Wednesday, January 10, 2018

California Pumping $19 Million More into Stem Cell Effort to Improve Kidney Transplant Success

The California stem cell agency is set to make a nearly $19 million bet next week on a treatment that is aimed at significantly improving the success of  kidney transplants and helping to reduce healthcare costs.

The agency's board is expected to ratify a decision to award $18.8 million to Medeor Therapeutics, Inc.,  of San Mateo, Ca., for a phase 3 clinical trial, the last stage before its proposed product can be widely used.

Next week's award will bring to $25.4 million that the state has invested in the work.
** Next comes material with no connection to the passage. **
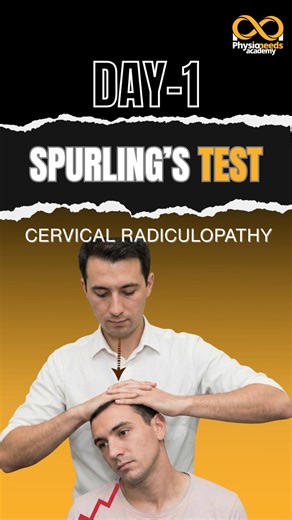 How to perform: 1 Patient seated 2 Extend, side-bend & rotate neck toward affected side 3 Apply gentle downward pressure ▲ Positive test: Pain or tingling radiating into the arm Used to assess cervical nerve root compression Save & follow us for more special tests #spurlingtest #reelsinstagram #physiotherapy #physiostudents #explore | Physio Needs Academy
The agency awarded $6.7 million for the research in 2016.

The company's chief medical officer, D. Scott Batty, Jr.,  said last spring that its product, dubbed MDR-101, "has the potential to address the two most critical transplant patient needs: preventing organ rejection and mitigating anti-rejection treatment-associated toxicities. " He added that the technology could potentially be used in all solid organ transplant patients.

Fierce Biotech reporter Phil Taylor wrote last April,
"Patients who undergo organ transplants may no longer have to rely on lifelong immune-suppressing drugs, if Medeor Therapeutics has its way."
Taylor continued,
"More than 30,000 Americans get an organ transplant every year, and while success rates for these procedures are improving, it is estimated that up to a third of the most common transplants—such as heart, kidney, and liver—fail within 5 years."
The Medeor treatment uses adult stem cells to create a condition in which the transplanted kidney "is no longer viewed as foreign by the recipient," according a summary of the closed-door review of the company's application (CLIN2-10411). 

The agency's reviewers, who do not have to publicly disclose if they have  potential conflicts of interest, voted 11-1 to fund the research. The agency's board almost never overturns the decisions of its reviewers, who come from out-of-state. The names of persons reviewing specific applications are not disclosed by the agency, which also does not disclose the name of applicants until after board action. The California Stem Cell Report identified the firm from public records.

Samuel Strober, Stanford photo
Last November, Medeor announced it had raised $57 million in Series B financing, "led by RA Capital Management. Additional new investors included Sofinnova Ventures and 6 Dimensions Capital, who were joined by existing investors Vivo Capital and WuXi Healthcare Ventures."

The scientific founder of the firm is Samuel Strober, a professor of medicine at Stanford and who is a member of its scientific advisory board. 

The estimated date of completion of the trial is January 2022, according to clinicaltrials.gov. The governing board of the $3 billion stem cell agency is scheduled to meet Jan. 18 to approve the award. No other action is scheduled.